▶ _Required work_:
Return exactly, please, the line that contains "What Are Marginal" and every line after it through the end of the material that follows, leaving pictures aside.

▶ _Task input_:
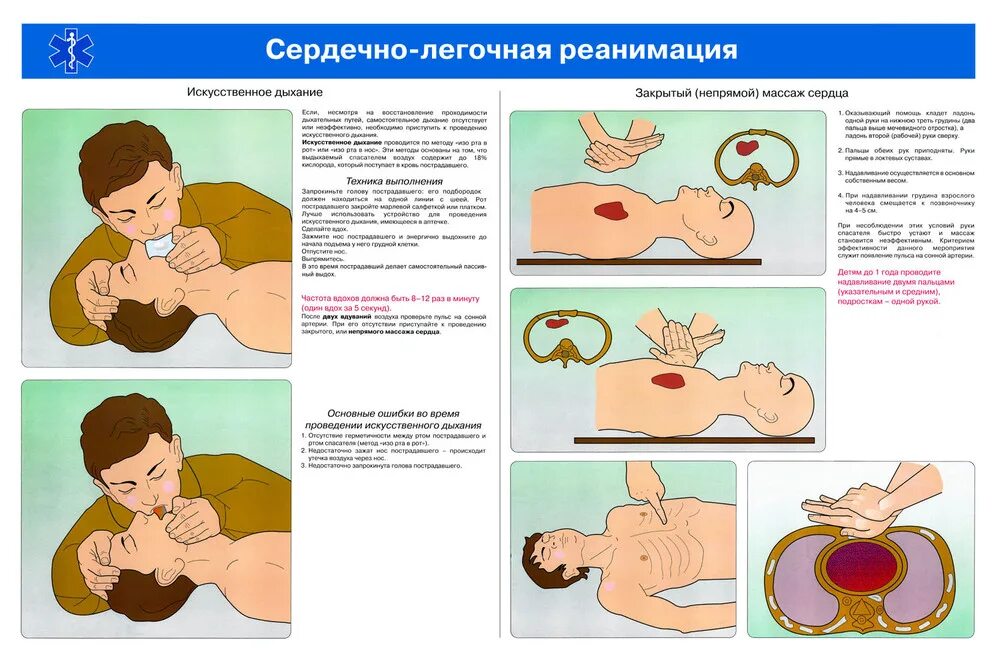 Оказание первой помощи пострадавшим искусственное дыхание. СЛР непрямой массаж сердца. Сердечно-легочная реанимация (СЛР) таблица. ИВЛ И непрямой массаж сердца алгоритм. Сердечно-легочная реанимация плакат.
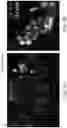 Fig. 02 - Cell culture media and method for culturing breast cancer cells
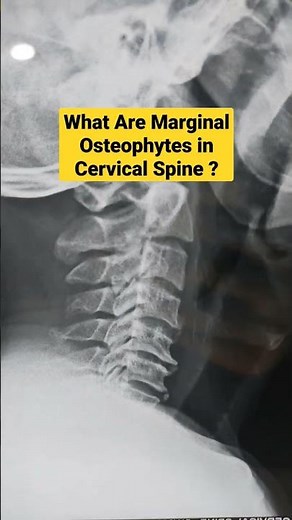 What Are Marginal Osteophytes in Cervical Spine ? Dr Sai Chandra.. Orthopaedic Surgeon In Hyderabad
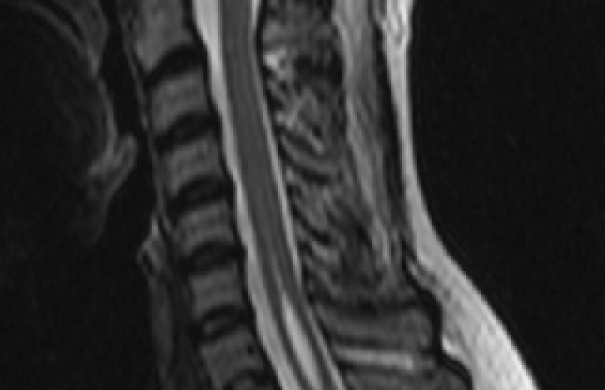 syringomyelie-Höhlenbildung-Rückenmark-Syringomyelia.jpg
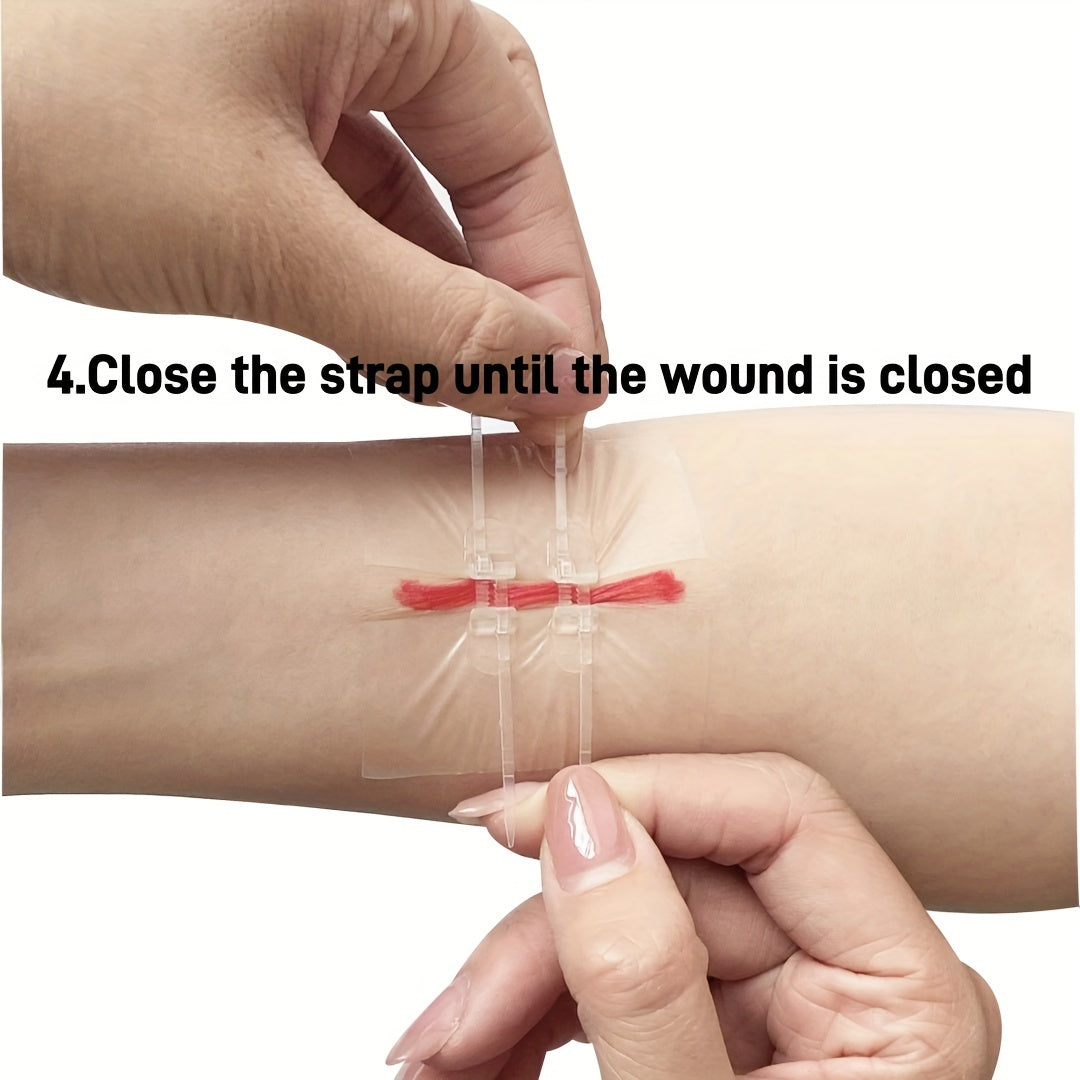 Self-Adhesive Zipper Wound Closure Tape Kit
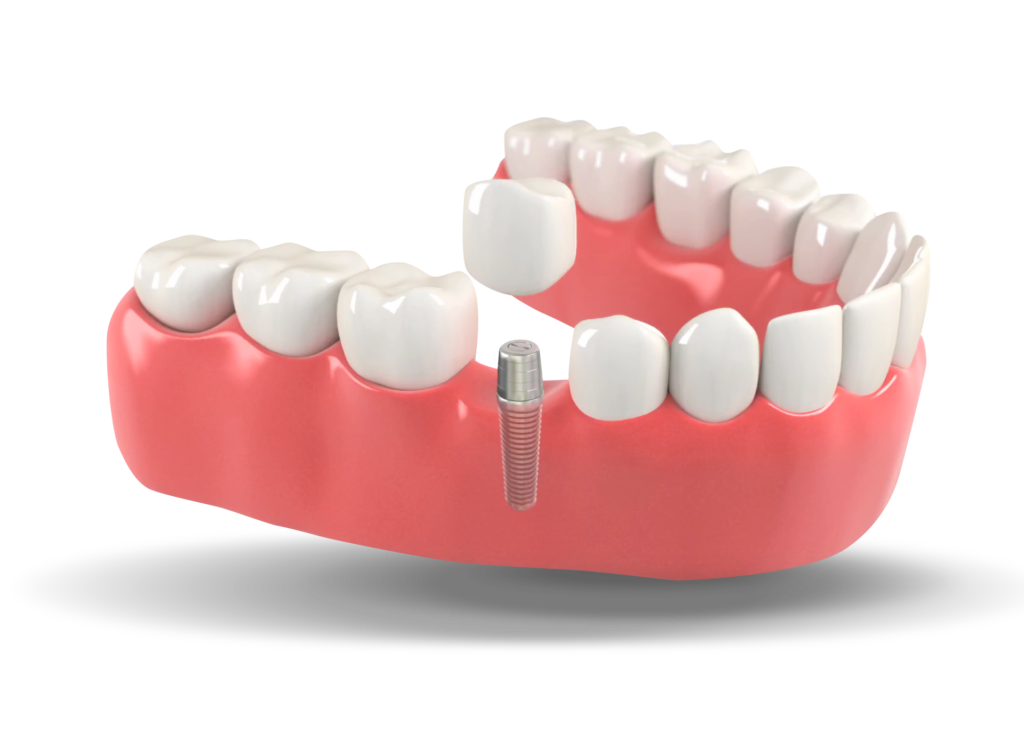 Do dental implants get cavities?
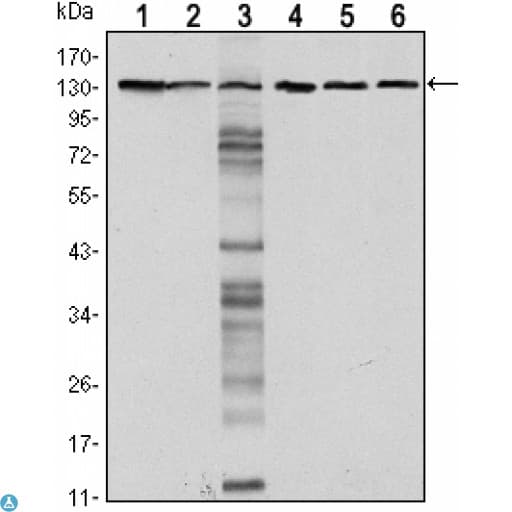 CDH1 / E Cadherin Antibody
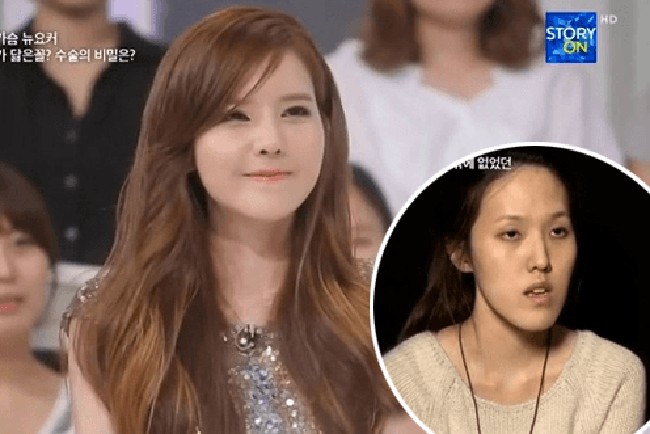 Aku hanya ingin membenahi rahangku ke atas meja bedah, karena orang-orang telah memberiku julukan yang kejam, seperti penyihir dengan payudara kecil, ungkap Yu Ra seperti dilansir dari Koreaboo. Foto: dok. Koreaboo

▶ _Result for this exercise_:
 What Are Marginal Osteophytes in Cervical Spine ? Dr Sai Chandra.. Orthopaedic Surgeon In Hyderabad
 syringomyelie-Höhlenbildung-Rückenmark-Syringomyelia.jpg
 Self-Adhesive Zipper Wound Closure Tape Kit
 Do dental implants get cavities?
 CDH1 / E Cadherin Antibody
 Aku hanya ingin membenahi rahangku ke atas meja bedah, karena orang-orang telah memberiku julukan yang kejam, seperti penyihir dengan payudara kecil, ungkap Yu Ra seperti dilansir dari Koreaboo. Foto: dok. Koreaboo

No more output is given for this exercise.